September 29, 2005
Mr. Earle had indicted three other DeLay associates in the same case in September 2004, just six weeks before the last election. Followers of the case have speculated that, as he saw his legal bills mount, one of those three may have decided to testify against Mr. DeLay.Some legal minds on the Right - including "the Great One" Mark Levin - have observed that this particular indictment doesn't list any specific charges against DeLay, but rather includes him on a guilt-by-association basis with no rationale as to why. Expect that the strength (or lack thereof) of this case will be scrutinized by the Pajamahadeen.
The Majority Leader also deserves the presumption of innocence because of Mr. Earle's guilty past. A liberal Democrat, he has a history of indicting political enemies, Democrat and Republican, on flimsy evidence that didn't hold up in court. In the mid-1980s, he indicted Attorney General Jim Mattox, a rival of his ally Ann Richards, on bribery charges. Mr. Mattox was acquitted and won re-election.

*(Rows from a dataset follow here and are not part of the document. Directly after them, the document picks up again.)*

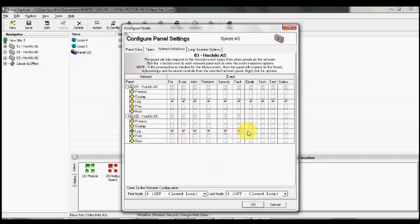Effectively, panel number three, whilst it won't process any of the events from panels one and two, it will actually log any of the events that they have.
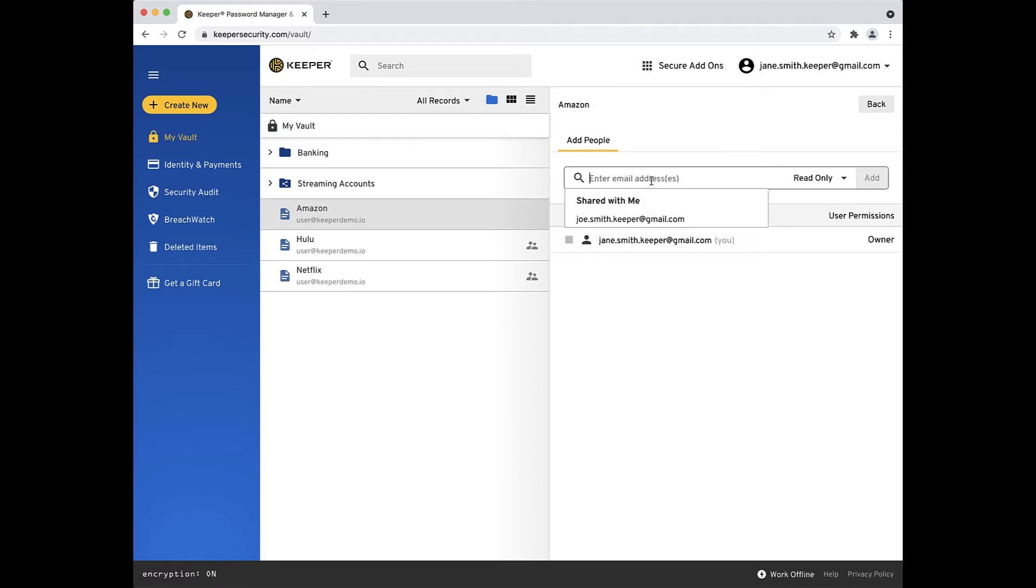Enter an email address of a user you'd like to share the record with or select their email from the drop-down if you've shared with them before.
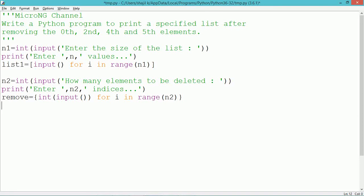So in this program, list1 is created by taking n1 number of data from the user. Similarly, we have created a set which indicates a set of indices — n2 number of indices — that many elements to be removed from list1. Both the list and the set are not created using static values; they are taken dynamically from the user. The input method is kept inside the list and inside the set and repeated depending upon the for loop.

In 1993, he indicted Kay Bailey Hutchison, who'd just been elected to the U.S. Senate, on charges of misconduct and records tampering. Mr. Earle was forced to drop the case even before it went to trial. Earlier this year, the prosecutor delivered a widely criticized speech at a Democratic fund-raiser in which he compared his prosecutorial targets to "Mussolini and his fascists" and all but declared that he had Mr. DeLay in his sights.